Good luck with your truck (not being sarcastic) Let us know how it compares to frontiers quality. One good thing that you get out of it (or should get) is more upper power when passing people on highway!


----------



## ChuckFrontier06 (Jul 25, 2006)

_*A little bigger would be a 05-07 Frontier.*_


----------



## smj999smj (Jan 1, 2006)

All I can say is, "FORD??! On purpose??"


----------



## nissanmadness (Sep 18, 2006)

"The horror, the horror"!


----------



## dflw_99 (Feb 15, 2005)

well thank you for your input

the truth of the matter is that ford f150 v6 has a stronger engine then does the nissan v6 and gets better mpg.

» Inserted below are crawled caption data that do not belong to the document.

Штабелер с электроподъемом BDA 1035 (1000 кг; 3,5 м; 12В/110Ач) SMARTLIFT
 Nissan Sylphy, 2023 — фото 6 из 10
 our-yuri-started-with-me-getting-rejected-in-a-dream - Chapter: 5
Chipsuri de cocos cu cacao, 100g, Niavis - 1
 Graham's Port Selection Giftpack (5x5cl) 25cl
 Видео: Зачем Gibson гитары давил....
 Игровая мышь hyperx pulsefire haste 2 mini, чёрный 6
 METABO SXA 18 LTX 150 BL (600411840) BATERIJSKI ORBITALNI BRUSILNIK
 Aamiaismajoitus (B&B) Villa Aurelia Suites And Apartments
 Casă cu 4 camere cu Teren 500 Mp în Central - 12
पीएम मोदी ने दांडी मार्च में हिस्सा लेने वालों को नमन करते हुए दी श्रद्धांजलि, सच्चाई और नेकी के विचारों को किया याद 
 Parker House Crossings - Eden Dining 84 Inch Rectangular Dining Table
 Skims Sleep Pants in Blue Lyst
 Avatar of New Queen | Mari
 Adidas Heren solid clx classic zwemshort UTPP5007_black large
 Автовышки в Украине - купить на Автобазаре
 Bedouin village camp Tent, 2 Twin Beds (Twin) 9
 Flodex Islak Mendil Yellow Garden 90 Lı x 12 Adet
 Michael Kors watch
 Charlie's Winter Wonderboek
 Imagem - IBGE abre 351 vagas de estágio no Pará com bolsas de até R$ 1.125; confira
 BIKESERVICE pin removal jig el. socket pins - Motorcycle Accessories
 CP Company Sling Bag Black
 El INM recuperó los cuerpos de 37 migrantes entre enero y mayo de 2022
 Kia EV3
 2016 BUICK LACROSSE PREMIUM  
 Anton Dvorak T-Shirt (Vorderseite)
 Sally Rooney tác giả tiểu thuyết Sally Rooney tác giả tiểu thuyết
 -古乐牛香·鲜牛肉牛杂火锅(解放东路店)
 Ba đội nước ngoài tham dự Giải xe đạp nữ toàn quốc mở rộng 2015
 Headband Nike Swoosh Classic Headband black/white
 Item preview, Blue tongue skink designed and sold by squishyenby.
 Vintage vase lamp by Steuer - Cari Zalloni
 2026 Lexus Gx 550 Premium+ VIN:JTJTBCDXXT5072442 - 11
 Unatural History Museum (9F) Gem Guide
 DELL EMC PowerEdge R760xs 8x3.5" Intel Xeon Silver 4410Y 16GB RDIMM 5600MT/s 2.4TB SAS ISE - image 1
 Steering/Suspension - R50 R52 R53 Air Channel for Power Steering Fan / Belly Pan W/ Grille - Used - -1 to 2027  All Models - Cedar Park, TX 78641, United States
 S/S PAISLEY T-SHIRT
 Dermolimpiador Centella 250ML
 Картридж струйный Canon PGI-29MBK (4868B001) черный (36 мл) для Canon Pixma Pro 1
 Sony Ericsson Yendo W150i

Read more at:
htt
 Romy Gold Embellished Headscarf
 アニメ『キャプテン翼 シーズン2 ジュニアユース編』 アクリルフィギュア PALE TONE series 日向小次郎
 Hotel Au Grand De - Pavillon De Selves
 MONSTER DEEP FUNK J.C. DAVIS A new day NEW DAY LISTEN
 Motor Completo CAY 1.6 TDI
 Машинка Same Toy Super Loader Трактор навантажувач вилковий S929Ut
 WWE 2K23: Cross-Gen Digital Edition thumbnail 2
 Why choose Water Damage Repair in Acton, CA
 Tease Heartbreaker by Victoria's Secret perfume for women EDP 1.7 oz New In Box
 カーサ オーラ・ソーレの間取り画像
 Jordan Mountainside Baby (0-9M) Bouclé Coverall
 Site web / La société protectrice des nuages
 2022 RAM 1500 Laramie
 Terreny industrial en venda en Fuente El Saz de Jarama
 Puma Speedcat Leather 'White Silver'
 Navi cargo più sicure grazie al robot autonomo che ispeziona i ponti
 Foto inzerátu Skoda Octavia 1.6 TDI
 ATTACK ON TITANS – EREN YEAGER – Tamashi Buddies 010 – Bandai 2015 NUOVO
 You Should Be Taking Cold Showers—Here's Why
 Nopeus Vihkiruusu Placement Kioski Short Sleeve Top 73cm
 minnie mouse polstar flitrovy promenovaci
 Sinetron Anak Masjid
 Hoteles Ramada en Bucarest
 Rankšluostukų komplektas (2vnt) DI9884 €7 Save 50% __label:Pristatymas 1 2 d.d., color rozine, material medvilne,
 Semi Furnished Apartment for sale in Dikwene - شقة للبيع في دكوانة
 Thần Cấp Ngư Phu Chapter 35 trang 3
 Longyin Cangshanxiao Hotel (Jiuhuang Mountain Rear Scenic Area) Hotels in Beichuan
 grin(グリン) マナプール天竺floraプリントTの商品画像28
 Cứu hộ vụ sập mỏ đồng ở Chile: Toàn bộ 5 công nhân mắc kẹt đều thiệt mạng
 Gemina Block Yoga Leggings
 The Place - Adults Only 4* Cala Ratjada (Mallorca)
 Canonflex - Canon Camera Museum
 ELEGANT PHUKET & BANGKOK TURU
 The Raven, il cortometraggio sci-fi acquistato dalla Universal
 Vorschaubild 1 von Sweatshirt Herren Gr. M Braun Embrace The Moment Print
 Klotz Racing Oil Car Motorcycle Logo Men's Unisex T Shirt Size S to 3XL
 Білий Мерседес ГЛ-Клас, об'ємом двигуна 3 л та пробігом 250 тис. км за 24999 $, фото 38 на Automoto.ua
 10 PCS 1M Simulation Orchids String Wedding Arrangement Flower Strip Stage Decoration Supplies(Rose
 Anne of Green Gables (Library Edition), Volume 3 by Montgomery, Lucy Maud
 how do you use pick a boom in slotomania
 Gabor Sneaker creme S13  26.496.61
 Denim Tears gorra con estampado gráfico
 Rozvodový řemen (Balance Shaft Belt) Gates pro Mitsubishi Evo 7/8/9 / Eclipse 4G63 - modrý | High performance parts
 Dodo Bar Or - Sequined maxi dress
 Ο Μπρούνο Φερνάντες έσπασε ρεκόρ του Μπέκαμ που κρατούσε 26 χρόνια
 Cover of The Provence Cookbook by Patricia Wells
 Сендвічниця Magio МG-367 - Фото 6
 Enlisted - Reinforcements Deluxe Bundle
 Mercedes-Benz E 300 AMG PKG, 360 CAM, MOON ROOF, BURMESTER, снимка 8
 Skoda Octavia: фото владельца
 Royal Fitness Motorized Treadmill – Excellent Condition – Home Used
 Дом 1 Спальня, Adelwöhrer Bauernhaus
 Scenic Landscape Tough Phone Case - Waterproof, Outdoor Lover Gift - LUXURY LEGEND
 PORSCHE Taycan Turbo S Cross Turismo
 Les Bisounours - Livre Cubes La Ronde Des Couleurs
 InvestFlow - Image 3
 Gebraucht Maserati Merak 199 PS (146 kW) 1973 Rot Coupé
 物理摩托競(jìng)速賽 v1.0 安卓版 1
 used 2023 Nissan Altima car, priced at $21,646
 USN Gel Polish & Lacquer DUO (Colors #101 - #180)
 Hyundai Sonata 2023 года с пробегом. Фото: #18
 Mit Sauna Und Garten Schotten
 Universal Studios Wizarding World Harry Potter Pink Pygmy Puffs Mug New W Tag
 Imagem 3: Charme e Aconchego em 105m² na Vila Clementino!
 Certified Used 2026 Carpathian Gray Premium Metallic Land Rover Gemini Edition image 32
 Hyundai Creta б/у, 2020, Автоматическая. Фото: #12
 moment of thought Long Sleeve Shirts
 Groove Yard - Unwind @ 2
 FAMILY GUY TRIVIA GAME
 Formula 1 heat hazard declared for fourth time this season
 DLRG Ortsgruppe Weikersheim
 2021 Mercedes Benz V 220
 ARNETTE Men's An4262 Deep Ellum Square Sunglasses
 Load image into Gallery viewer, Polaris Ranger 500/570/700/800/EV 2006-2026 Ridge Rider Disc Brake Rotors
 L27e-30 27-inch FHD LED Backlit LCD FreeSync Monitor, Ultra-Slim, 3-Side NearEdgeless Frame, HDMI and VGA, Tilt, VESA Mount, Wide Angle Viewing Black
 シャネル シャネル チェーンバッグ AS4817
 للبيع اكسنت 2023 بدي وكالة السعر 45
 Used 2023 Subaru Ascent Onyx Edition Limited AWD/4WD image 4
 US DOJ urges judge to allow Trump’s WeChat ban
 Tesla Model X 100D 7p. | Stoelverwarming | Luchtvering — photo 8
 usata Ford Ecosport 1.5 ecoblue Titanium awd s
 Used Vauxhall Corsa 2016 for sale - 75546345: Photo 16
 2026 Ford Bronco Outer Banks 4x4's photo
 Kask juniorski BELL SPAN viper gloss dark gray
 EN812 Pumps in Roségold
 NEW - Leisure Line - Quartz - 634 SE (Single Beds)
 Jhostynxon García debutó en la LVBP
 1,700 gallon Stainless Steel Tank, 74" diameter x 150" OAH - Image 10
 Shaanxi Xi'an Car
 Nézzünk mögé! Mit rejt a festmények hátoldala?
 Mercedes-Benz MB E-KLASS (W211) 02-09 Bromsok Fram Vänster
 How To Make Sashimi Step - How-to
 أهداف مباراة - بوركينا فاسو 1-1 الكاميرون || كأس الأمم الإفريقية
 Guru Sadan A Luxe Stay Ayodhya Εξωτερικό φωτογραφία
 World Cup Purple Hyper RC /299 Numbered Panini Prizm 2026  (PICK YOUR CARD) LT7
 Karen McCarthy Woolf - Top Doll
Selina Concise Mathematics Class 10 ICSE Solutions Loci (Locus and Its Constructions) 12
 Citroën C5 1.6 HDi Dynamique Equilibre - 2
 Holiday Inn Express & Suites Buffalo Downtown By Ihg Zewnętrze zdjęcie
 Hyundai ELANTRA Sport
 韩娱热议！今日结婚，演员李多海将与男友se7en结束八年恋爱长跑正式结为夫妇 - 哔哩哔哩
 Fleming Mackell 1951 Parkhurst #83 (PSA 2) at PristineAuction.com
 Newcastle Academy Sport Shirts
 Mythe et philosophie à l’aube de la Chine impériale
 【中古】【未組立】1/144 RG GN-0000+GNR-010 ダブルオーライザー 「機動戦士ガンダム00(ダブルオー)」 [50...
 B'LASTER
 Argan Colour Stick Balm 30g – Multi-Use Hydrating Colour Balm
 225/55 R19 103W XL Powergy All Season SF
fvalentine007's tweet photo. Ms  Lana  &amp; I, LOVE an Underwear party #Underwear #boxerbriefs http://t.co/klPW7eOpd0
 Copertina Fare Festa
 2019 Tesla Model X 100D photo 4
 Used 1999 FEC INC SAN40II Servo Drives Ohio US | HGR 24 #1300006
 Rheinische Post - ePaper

yes the ford seats and rides alot better then did my frontier and seems to be built alot better and has a truck-like ride.

question: can yalls 4.0 v6 literly roast tires on dry roads??? 

ford v6 can with ease. and no its not geared real low at 2k rpm its at 73mph w/ 4 speed-auto.


----------



## frontera99 (Jul 3, 2005)

dflw_99 said:


> well thank you for your input
> 
> the truth of the matter is that ford f150 v6 has a stronger engine then does the nissan v6 and gets better mpg.
> 
> ...



So you say that you bought a Ford? 

....You'll have problems.


----------



## smj999smj (Jan 1, 2006)

I worked as a Toyota tech briefly for a multi-franchise dealer that sold Fords. All I know is that the the Ford techs were constantly doing head gaskets, transmissions, rear ends and constantly complaining about the Ford diagnostic equipment and systems. Most of this was on vehicles less than five years old. Maybe I'm a bit partial after working a year with Toyota and 18 years with Nissan, but I would never spend my money on a Ford or Chrysler truck. It's also a well known fact that the VQ-series V6 has been named one of the 10 best engines every year since 1995. That said, I wish you nothing but luck with your new F-150.


----------



## nissanoffroad (Sep 2, 2007)

frontera99 said:


> So you say that you bought a Ford?
> 
> ....You'll have problems.


beleive me hes right, sorry to put you down but i owned and explorer and ill never get one again, but i do know people who like their full sized veichals. ive never owned one but the explorer changed my veiw completly


----------



## ChuckFrontier06 (Jul 25, 2006)

_*We have some 06-07 F150 and F250 Fords on my job. Quite a few of the 6.0 PSD have been to the shop for warranty issues. One of the 07's has been twice for the CEL within a fews months time. The Game and Fish division bought some 04 F250's in 04 and they had a bunch of electrical problems from the start. They ended up buying Dodges the next time around. Good luck with your truck. Don't try to run any V6 Frontiers if you know what's good for you. LOL.*_


----------



## jerryp58 (Jan 6, 2005)

dflw_99 said:


> well thank you for your input
> 
> the truth of the matter is that ford f150 v6 has a stronger engine then does the nissan v6 and gets better mpg.
> 
> ...


Best of luck with it. I've always like the look of the 150. I don't know about the V6 for aftermarket, but having a Ford truck will open up a much larger aftermarket in general for you.


----------



## dflw_99 (Feb 15, 2005)

chuck,

if you have a 4.0 v6 frontier, ill race you and then we can hook them together for a pull. i bet the ford wins both. second, the last 3x i filled up i got 18.2,18.3,18.6 mpg 50-50 mix driving. dunno about real-world mpg for 4.0 v6 fronty, so maybe someone can chim in.


----------



## dflw_99 (Feb 15, 2005)

again, this isnt a hate threat no-doubt nissan makes a nice truck but the ford is just a nicer,stronger truck imo


----------



## smj999smj (Jan 1, 2006)

The concern is reliability.....no truck goes fast or pulls hard when it's sitting in the repair shop!


----------



## joefrontier (Apr 26, 2007)

smj999smj said:


> The concern is reliability.....no truck goes fast or pulls hard when it's sitting in the repair shop!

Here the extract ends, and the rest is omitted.